Several speakers, including Asian executives, highlighted the continuing globalization of the PET resin sector at the annual Nova-Pack conference, held Feb. 11-13 in Orlando.
While China's emergence as an industrial power looms over the global business scene, market analyst Edgar Acosta with DeWitt & Co. Inc., a Houston-based consulting firm, said research shows Chinese resin production is behind mega-scale plants elsewhere in terms of cost.
Acosta said that reflects China's state-planned economy, which has limited construction of megaplants because of concerns over borrowing to finance them.
``Until [Chinese officials] come to terms with the fact they need a financing structure, their level of competitive threat is limited,'' he said.
Acosta said South Korean plastics companies could gain a stronger foothold in North America if the proposed U.S.-South Korean trade agreement is approved by Congress.
He said all Asian plastics companies have a long-term advantage over their competitors, because Asian planners look further ahead than the typical five- to 10-year business cycles of American and European producers.
``Their hunger for turning a profit could see them go as far out as 30 years,'' Acosta said.
In his presentation, Tian Xiaogai, purchasing manager for Pet All Manufacturing Inc. of Markham, Ontario, said opportunities for Chinese PET converters are unlimited.
He said China's 1.4 billion people consume 14 billion bottles annually of carbonated soft drinks alone.
According to Tian, Chinese manufacturers produce about 200,000 plastics machines per year, with total sales of $4 billion.

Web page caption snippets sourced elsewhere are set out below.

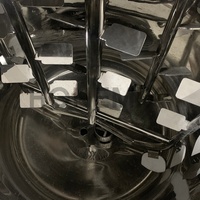 HONE – Machine à mélanger en acier inoxydable, homogénéiseur de liquide, agitateur, pour fabriquer du shampoing, détergent, ligne de Production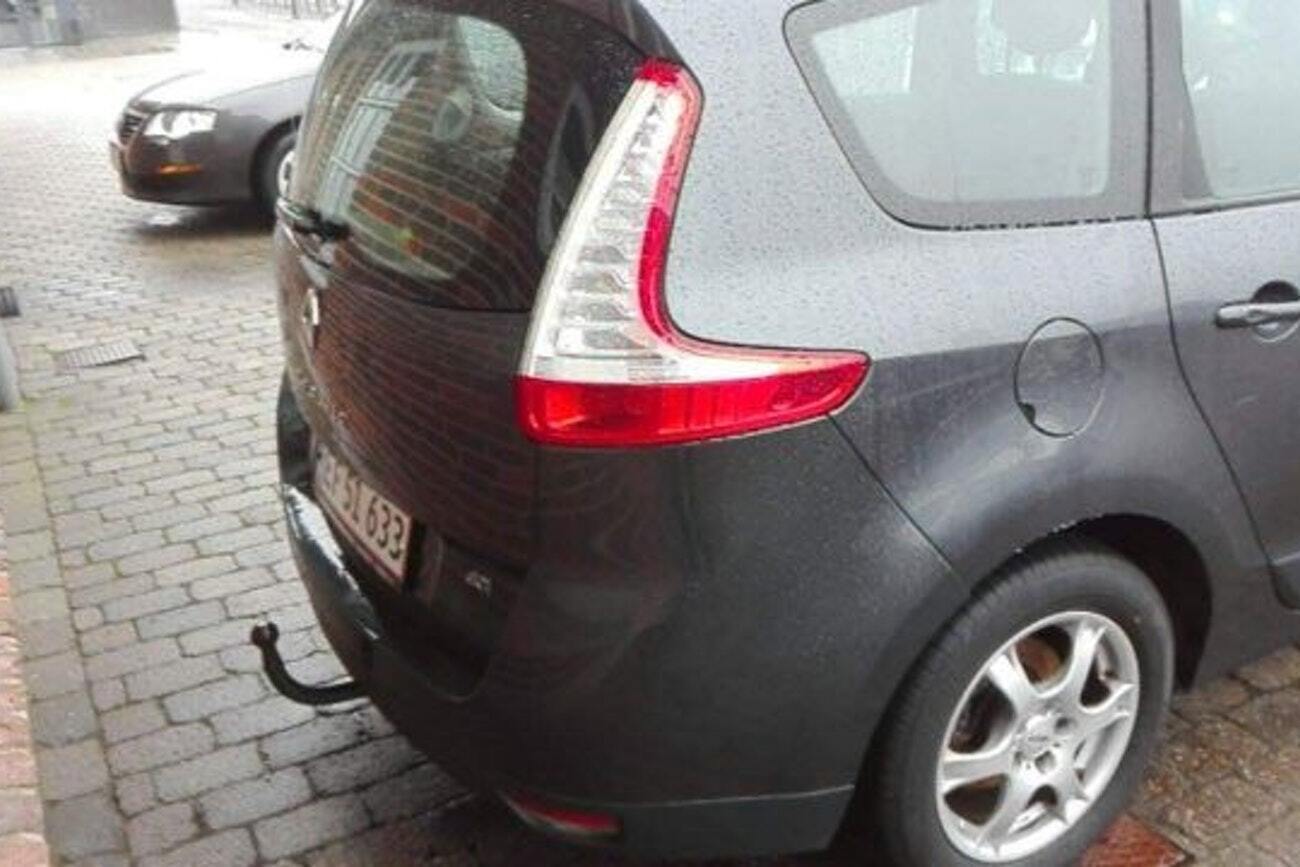 Renault Grand Scénic 1,9 DCI 130 7P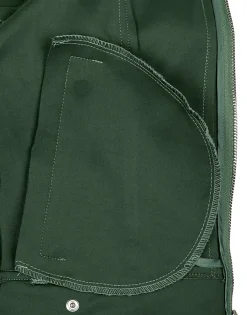 Sale Vero Moda - VMJOSE MARI SHORT FAUX SUEDE JACKET BOOS Vert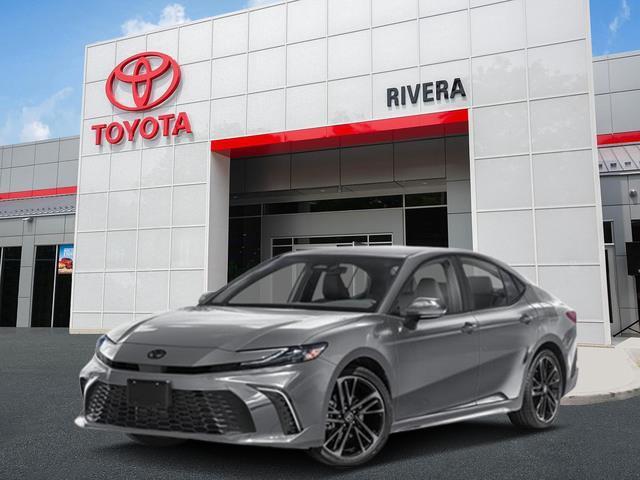 new 2025 Toyota Camry car, priced at $38,998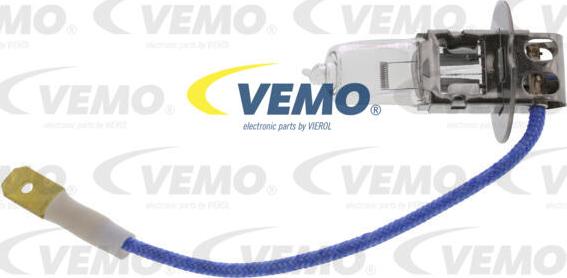 Vemo V99-84-0013 - Лампа розжарювання, фара робочого освітлення autozip.com.ua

But only about 10 percent of those machines are exported, for sales of $400 million. Tian said exports break down as follows:
* 60 percent injection molding machines.
* 8 percent extrusion machinery.
* 12 percent blow molding equipment.
* 20 percent other plastics processing equipment.
China exports about 1,000 PET machines, Tian said, but imports an estimated 20,000 machines annually.
He said Chinese equipment generally is not up to Western safety and reliability standards and is fairly labor-intensive to operate - thus, most exports are to developing countries.
``To reach the quality standards of America or Europe, there's a lot of work that has to be done,'' he said.
Tian said Pet All works with Taiwanese manufacturers to bridge the gap, because its machines are five years more advanced than those made in China, while being price-competitive because of Taiwan's labor costs, which are lower than U.S. or European competitors.
Pet All also combines Canadian engineering with Chinese molds and equipment, to bring imported Chinese machines up to North American producers' expectations, he said.
``Exports of Chinese PET equipment can only continue to grow,'' Tian said.
Business consultant Gautam Mahajan, president of New Delhi-based Inter-Link India, emphasized the rivalry between China and India in his presentation.
Mahajan's numbers show India moving from the world's 12th-largest economy to third by 2032, with a PET packaging market valued at $22 billion in 2006 and growing at about 15 percent annually. He said PET now outstrips glass in Indian packaging by 30 percent. Mahajan said India's packaging market is growing 15 percent annually.
Indian PET consumption is 4 pounds per capita. Unlike China, India has more consolidated end markets, and has a youthful population and significant investment by companies such as Anheuser-Busch Cos., Asia Pacific Breweries Ltd. and CobraUK Ltd., Mahajan said.
In machinery, he said India has a competitive advantage because it has both a large pool of low-cost labor and English-speaking engineers, though there's a shortage of highly skilled workers.
Indian resin compounding and packaging design will become more innovative, with specialty polyesters, engineered thermoplastics, film and fiber and multilayer taking the lead, Mahajan said.
He said the recent revaluation of the rupee at about 40 to $1 makes India an enticing export and import market.
``You can leverage your [U.S] dollar five to 10 times,'' Mahajan said. ``To sum up: India is both an opportunity and a threat.''
On the research and development side of PET, an executive of Mumbai, India-based conglomerate Reliance Industries Ltd. said there's work to be done to enhance the range of the material's food and beverage applications.
``[PET] has to get into a different form, so it can handle higher heat at the molecular level,'' said Anup Bagchi, senior vice president of Reliance's PET division.